US stocks suffered one of the worst weekly falls in a decade as trade tensions with China, interest rate rises and a possible government shutdown rattled markets.
All three indexes closed lower, with the technology-focused Nasdaq down 20 percent since its peak, placing it in so-called “bear market” territory.
The Dow Jones Industrial Average recorded its biggest weekly drop in percentage terms since 2008.
The S&P 500 fell 7percent for the week.
It is the biggest weekly percentage drop since August 2011 while the Nasdaq’s 8.36 percent decline is the sharpest since November 2008.
The Dow Jones fell 6.8 percent during the week.
After years of gains, US investors are fleeing stocks, worried about a range of factors likely to hit corporate profits, including slowing economic growth domestically and abroad.
Earlier this week, the US Federal Reserve lifted the interest rate and signalled that it would continue to rise next year, albeit at a slower pace.
The Fed also cut its forecasts for economic growth in 2019 to 2.3 percent, down from the 2.5 percent predicted in September.
Michael Hewson, chief markets analyst at CMC Markets, said: “China is cooling and the eurozone is slowing down, and some of the economic indicators from the US have been a bit soft recently, but yet the Fed hiked rates and suggested that two more interest rate hikes were lined up for 2019.”
Elliot Clarke, economist at Westpac, the banking group, added: “Political brinkmanship in Washington is further heightening market uncertainty.”
Markets were also unnerved by comments from President Donald Trump’s trade adviser Peter Navarro who told the Nikkei newspaper that it would be “difficult” for the US and China to reach a long lasting trade agreement that would end the tensions between the two.
Share trading started Friday on an upswing, boosted by stronger-than-expected quarterly sales at sportswear giant Nike.
Investors also appeared soothed after John Williams, president and chief executive of the Federal Reserve Bank of New York said the central bank would consider market turmoil as it weighs future interest rate decisions.

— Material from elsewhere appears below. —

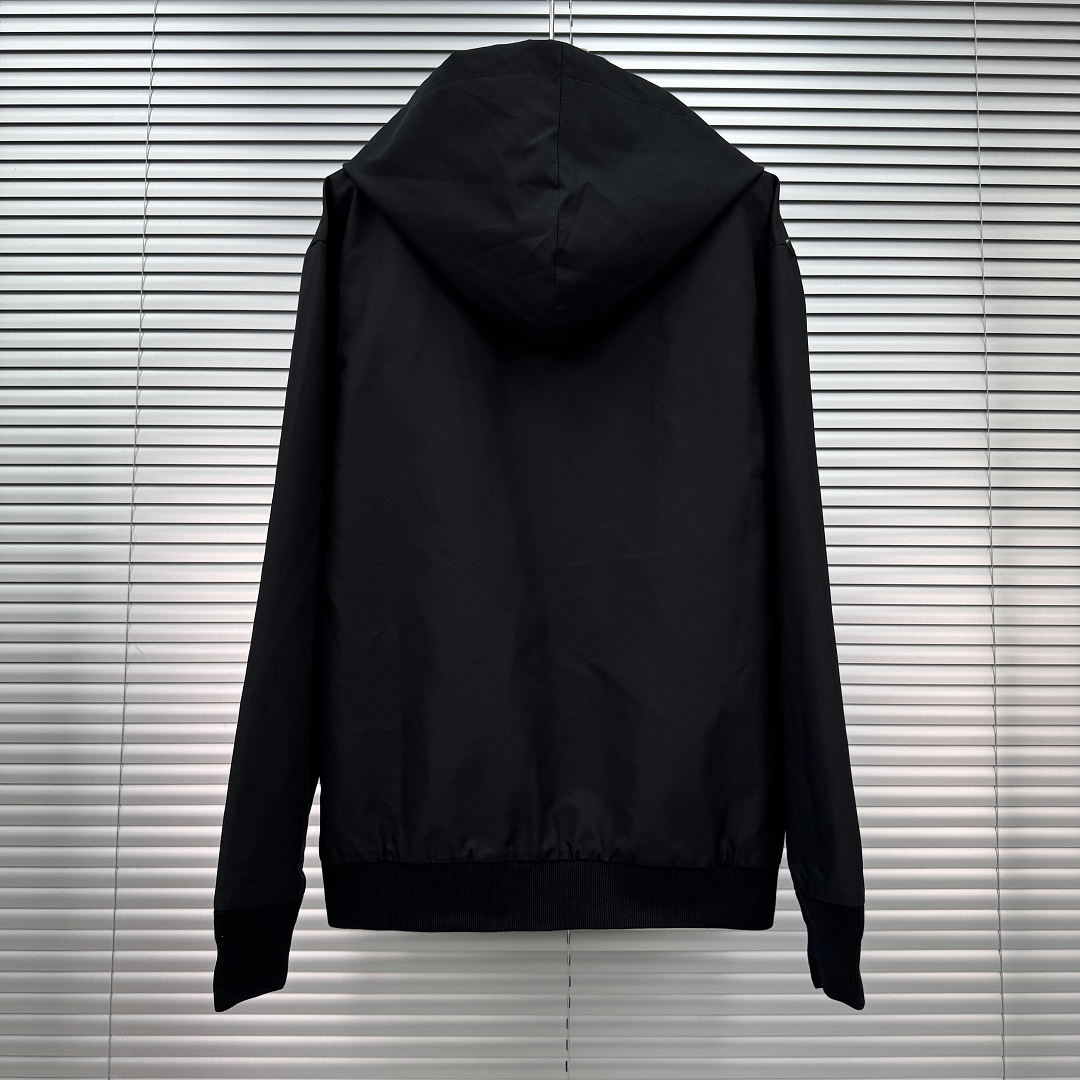 Unbranded GU Price: - Image 10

However, selling set in by afternoon with some of the major technology firms – that led the market’s rally earlier this year – experiencing some of the most bruising falls.
Facebook and Twitter both tumbled more than 6 percent, Amazon dropped more than 5 percent, and Apple and Microsoft slipped more than 3 percent.

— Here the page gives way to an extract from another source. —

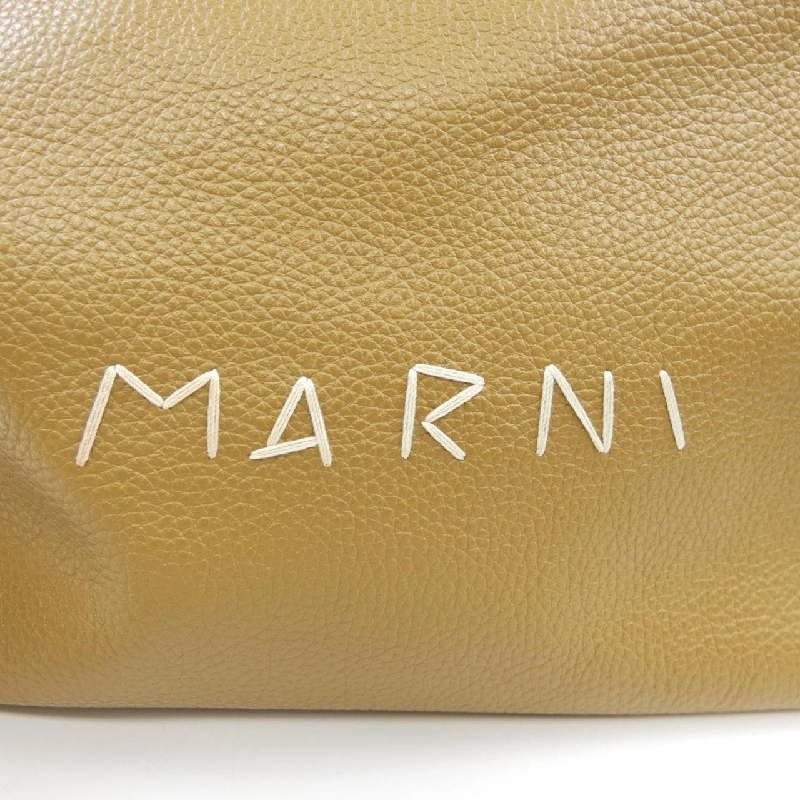 Túi MARNI MUSEO SOFT SHMP0018L3 656901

For the day, the Nasdaq index fell almost 3 percent, the S&P 500 tumbled more than 2 percent, and the Dow slid 1.8 percent.
Some economists argue that the steep Wall Street sell-off does not reflect conditions in the wider economy, which grew at an annual pace of 3.4 percent in the most recent quarter.
Consumer sentiment also remains strong, according to the most recent data.
However, the fears on Wall Street could spread in the event of a prolonged downturn, analysts warned.
“If these expectations begin to shift, then we would expect to see more downward pressure on sentiment and spending patterns in early 2019,” Oxford Economics said.